* DIRECTIONS *
Please make an exact copy of the listing, without the pictures.

* DATA BLOCK *
··········

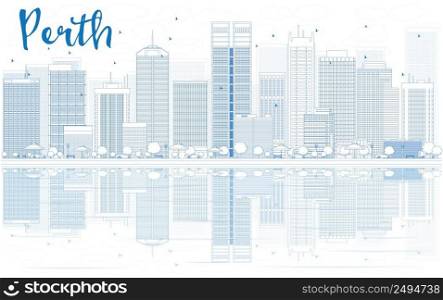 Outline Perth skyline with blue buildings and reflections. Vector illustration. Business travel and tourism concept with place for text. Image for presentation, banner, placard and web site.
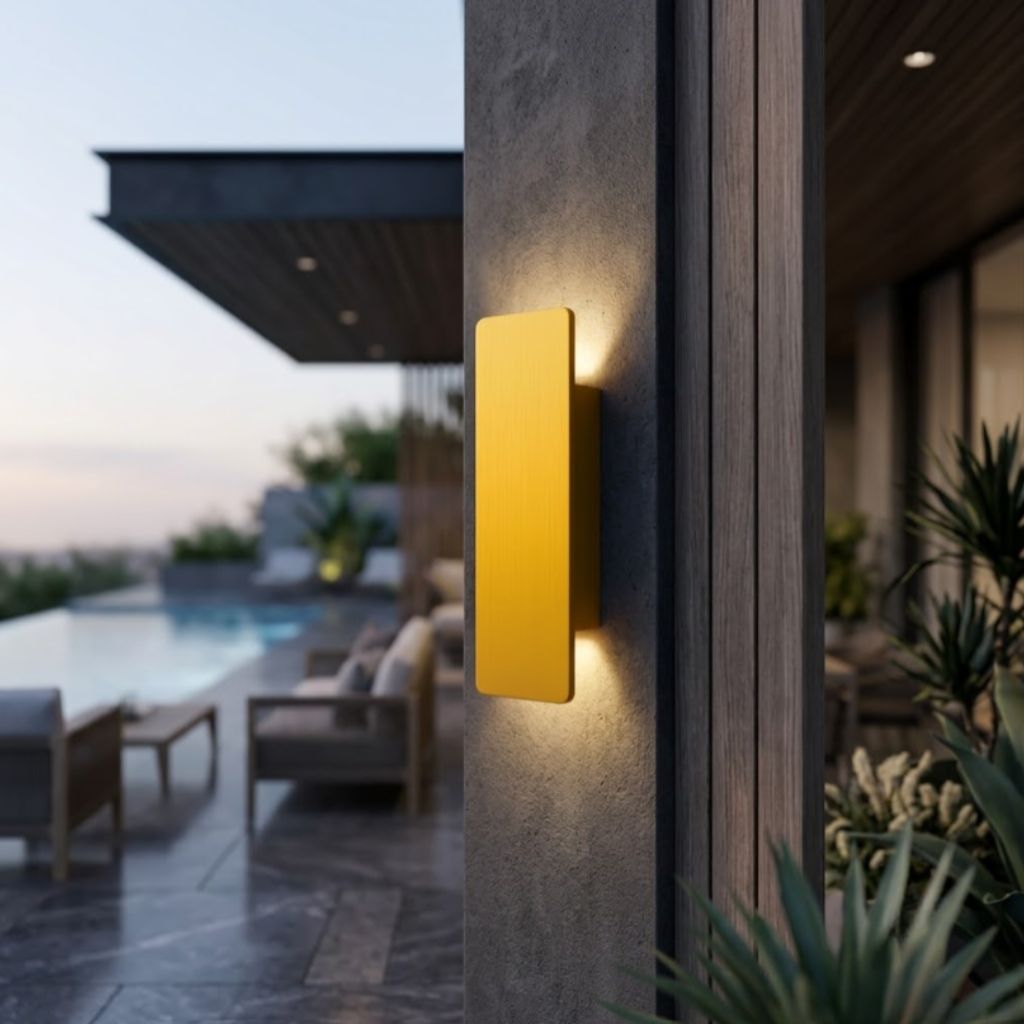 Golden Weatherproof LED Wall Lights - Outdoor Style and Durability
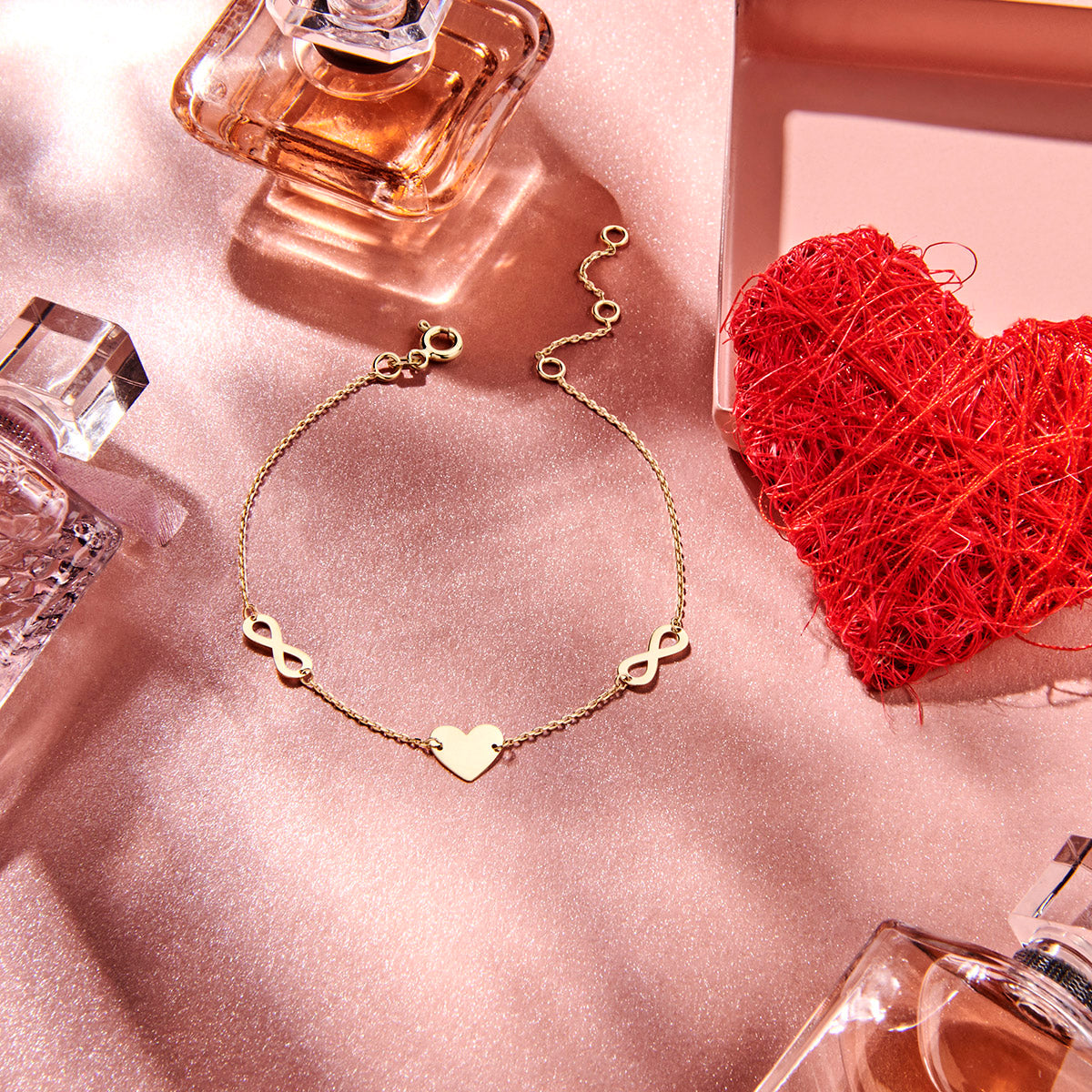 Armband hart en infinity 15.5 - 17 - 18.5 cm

··········

* WRITTEN REPLY *
 Outline Perth skyline with blue buildings and reflections. Vector illustration. Business travel and tourism concept with place for text. Image for presentation, banner, placard and web site.
 Golden Weatherproof LED Wall Lights - Outdoor Style and Durability
 Armband hart en infinity 15.5 - 17 - 18.5 cm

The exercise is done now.